Architecture Deep Dive

🛠️ Architecture Deep Dive

🧞 Conversation Manager

This is the primary class you will interact with. It simplifies the complex process of managing a real-time conversation into a few simple methods.
  • Key Responsibilities:
    • Orchestrates the entire conversation flow.
    • Manages state transitions (e.g., from playing audio to listening for the user).
    • Initializes the WebSocket connection and microphone access.
    • Provides a high-level API: initialize()pause()resume()sendText(), etc.
  • Configuration: It's instantiated with a ConversationConfig object, which is crucial for defining its behavior.
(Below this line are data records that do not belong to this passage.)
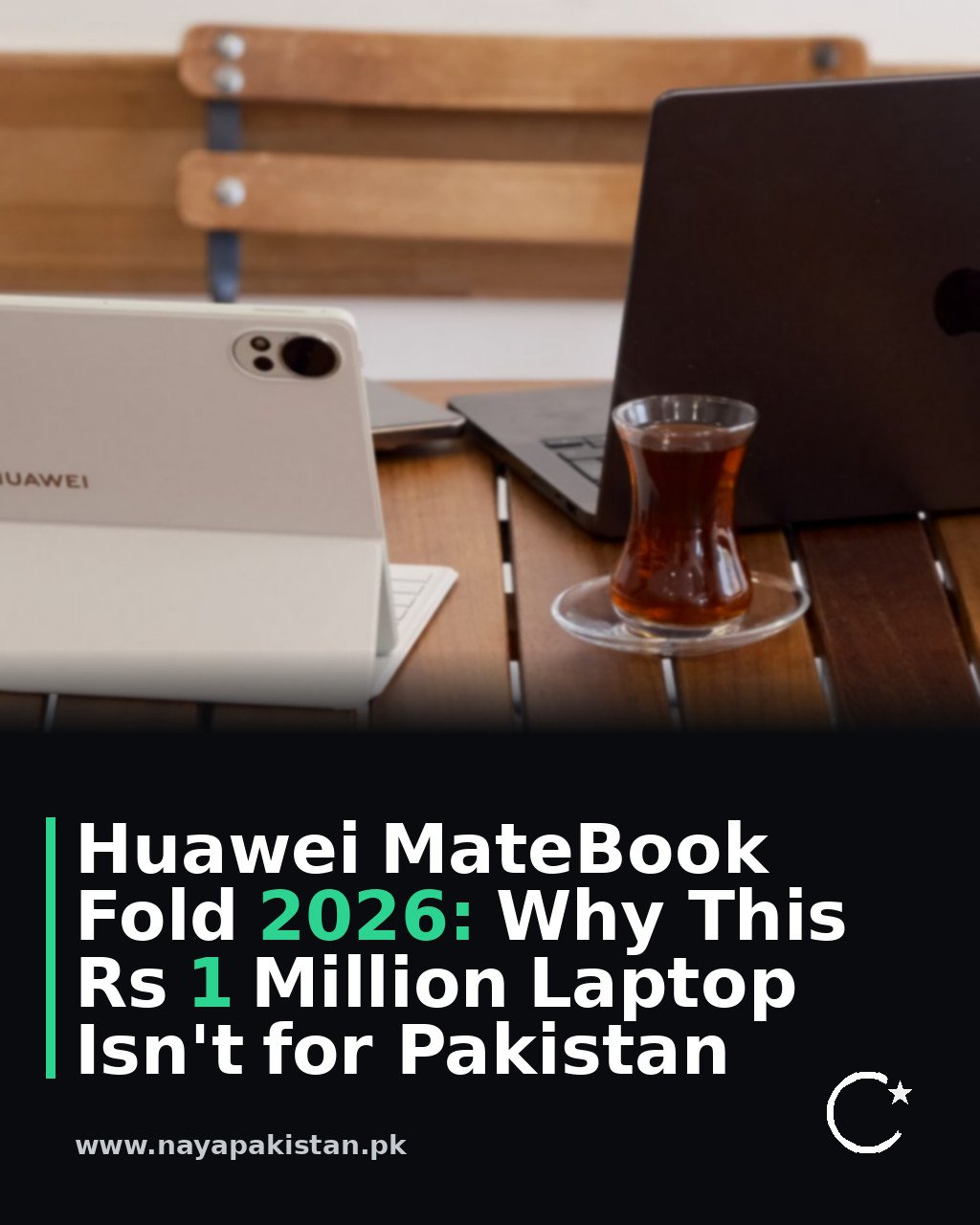 Huawei MateBook Fold 2026: Why This Rs 1 Million Laptop Isn't for Pakistan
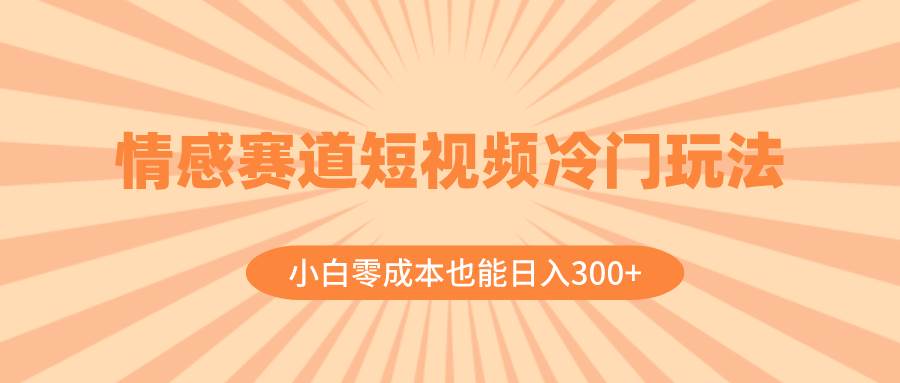情感賽道短視頻冷門玩法，小白零成本也能日入300 （教程 素材）插圖
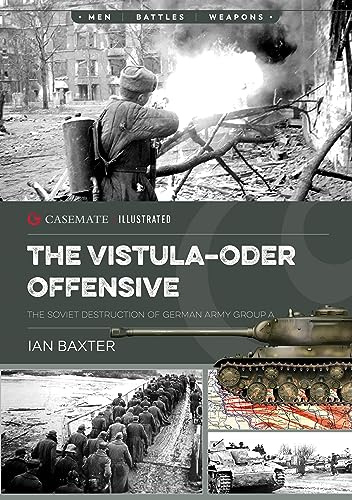 The Vistula-Oder Offensive: The Vistula–Oder Offensive, The Soviet Destruction of German Army Group A, 1945 (Casemate Illustrated)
The hooks property within this config is the primary way the SDK communicates back to your application UI.

🗣️ Conversation Network

This manager handles all low-level WebSocket communication.
  • Key Responsibilities:
    • Establishes, maintains, and closes the WebSocket connection.
    • Handles authentication and initial configuration messages.
    • Sends user input (audio/text) to the server.
    • Receives assistant responses (audio, subtitles, metadata) and forwards them to the appropriate managers via events.

🎩 User Input Manager

This manager is responsible for capturing everything the user says or types.
  • Key Responsibilities:
    • Initializes and manages the AudioRecorder to get raw audio data from the microphone.
    • Uses a VADManager, powered by the industry-standard Silero VAD model, to detect speech with high accuracy, automatically starting and stopping the recording process.
    • Packages audio data and text into the correct format to be sent over the network.
    • Implements a critical "barge-in" feature: when the assistant's audio playback is about to finish (within 1000ms), it proactively starts buffering the user's audio. This creates a seamless, responsive conversation by minimizing the delay between turns.
  • Sub-components:
    • 🎤 AudioRecorder: Interfaces with the browser's MediaRecorder or an AudioWorklet to capture audio chunks.
    • 🤫 VADManager: Runs the lightweight Silero VAD model to determine if the user is speaking (Along with Server Side Smart Turn Detection Model)

🎪 Playback Manager

This manager handles the rendering of the assistant's response.
  • Key Responsibilities:
    • Receives messages from Conversation Network and directs them to the correct player.
    • Coordinates the synchronized playback of audio, subtitles, and avatar animations.
  • Sub-components:
    • 🎵 AudioPlayer.ts: A robust audio player that handles chunked audio data, ensuring smooth, gapless playback of streamed audio.
    • 📜 SubtitleManager.ts: Manages the display and timing of word-by-word or line-by-line subtitles.
    • 🧒 AvatarManager.ts: Provides a simple API (playIdleplayTalkplayListen) to control high-level avatar animations. It emits events that a UI component can listen to in order to drive the actual animation system (e.g., Spine, Rive, Three.js).